Summary: This tutorial demonstrates implementing multilingual text classification using AutoMM, focusing on cross-lingual sentiment analysis of Amazon product reviews. It provides code for setting up datasets across multiple languages (English, German, French, Japanese), implementing German BERT fine-tuning, and achieving zero-shot cross-lingual transfer using DeBERTa-V3. Key functionalities include multilingual preset configuration, parameter-efficient fine-tuning, and direct multilingual processing without translation services. The tutorial helps with tasks involving multilingual text classification, model fine-tuning, and cross-lingual transfer learning, particularly useful for developers working with multi-language sentiment analysis applications.

# AutoMM for Text - Multilingual Problems

[![Open In Colab](https://colab.research.google.com/assets/colab-badge.svg)](https://colab.research.google.com/github/autogluon/autogluon/blob/master/docs/tutorials/multimodal/text_prediction/multilingual_text.ipynb)
[![Open In SageMaker Studio Lab](https://studiolab.sagemaker.aws/studiolab.svg)](https://studiolab.sagemaker.aws/import/github/autogluon/autogluon/blob/master/docs/tutorials/multimodal/text_prediction/multilingual_text.ipynb)

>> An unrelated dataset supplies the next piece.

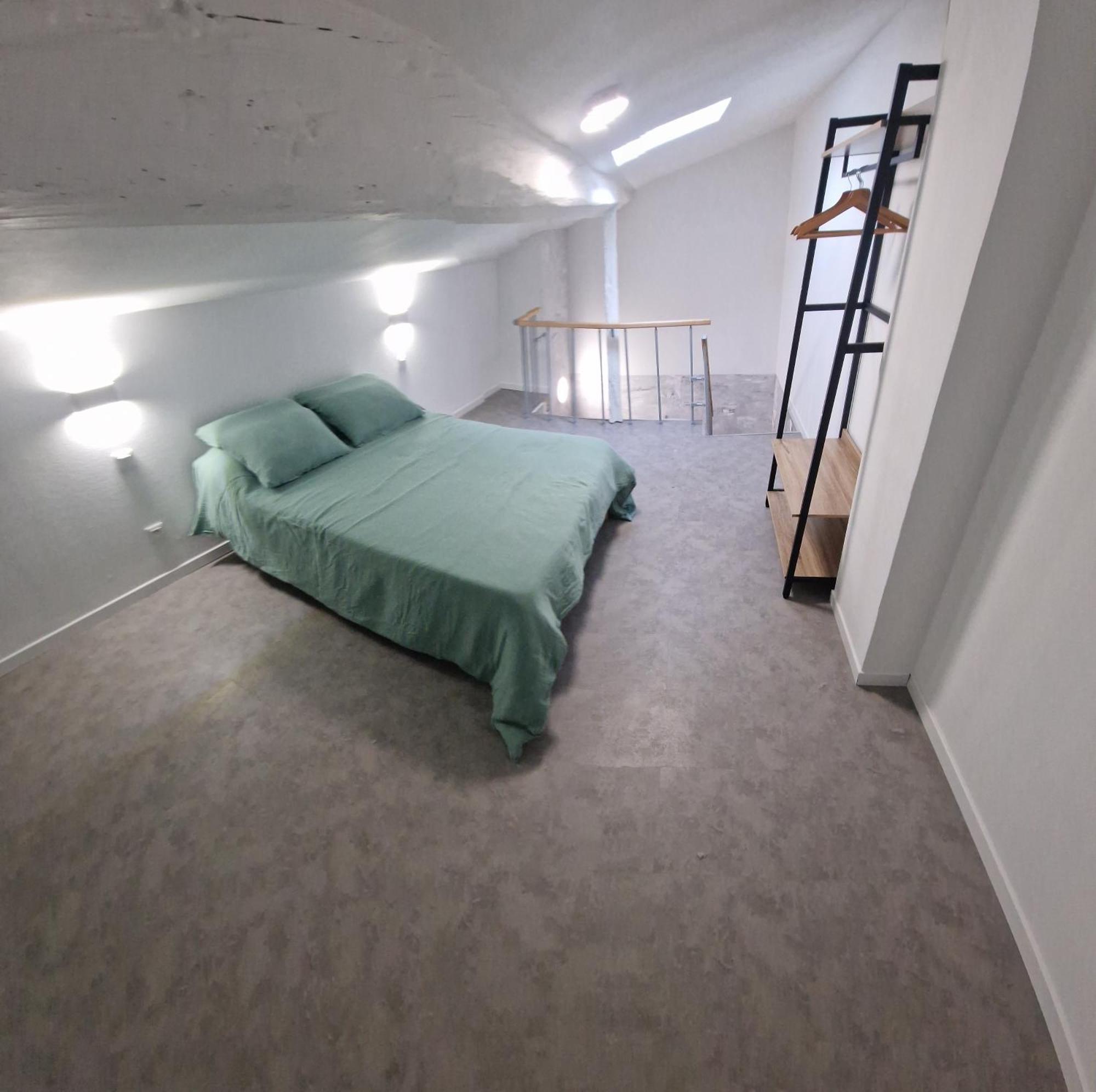 Saime Apartment Mèze Екстериор снимка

People around the world speaks lots of languages. According to [SIL International](https://en.wikipedia.org/wiki/SIL_International)'s [Ethnologue: Languages of the World](https://en.wikipedia.org/wiki/Ethnologue), 
there are more than **7,100** spoken and signed languages. In fact, web data nowadays are highly multilingual and lots of 
real-world problems involve text written in languages other than English.

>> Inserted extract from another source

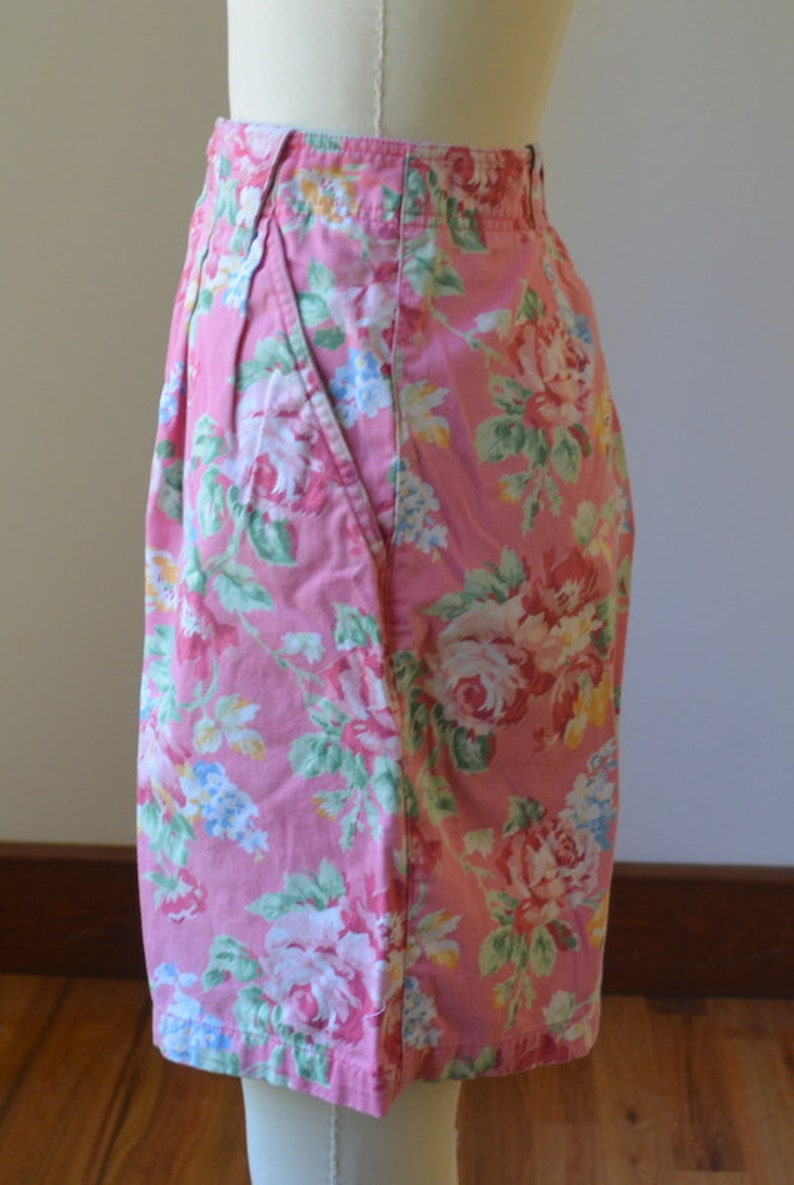 90/'s Ultra High Waisted Pink Floral Pleated Shorts By Liz Clairborne Size 8 Vintage Cotton Floral Pleated Shorts Waist Size 29 By Liz Wear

In this tutorial, we introduce how `MultiModalPredictor` can help you build multilingual models. For the purpose of demonstration, 
we use the [Cross-Lingual Amazon Product Review Sentiment](https://webis.de/data/webis-cls-10.html) dataset, which 
comprises about 800,000 Amazon product reviews in four languages: English, German, French, and Japanese. 
We will demonstrate how to use AutoGluon Text to build sentiment classification models on the German fold of this dataset in two ways:

- Finetune the German BERT
- Cross-lingual transfer from English to German

*Note:* You are recommended to also check [Single GPU Billion-scale Model Training via Parameter-Efficient Finetuning](../advanced_topics/efficient_finetuning_basic.ipynb) about how to achieve better performance via parameter-efficient finetuning. 

## Load Dataset

The [Cross-Lingual Amazon Product Review Sentiment](https://webis.de/data/webis-cls-10.html) dataset contains Amazon product reviews in four languages. 
Here, we load the English and German fold of the dataset. In the label column, `0` means negative sentiment and `1` means positive sentiment.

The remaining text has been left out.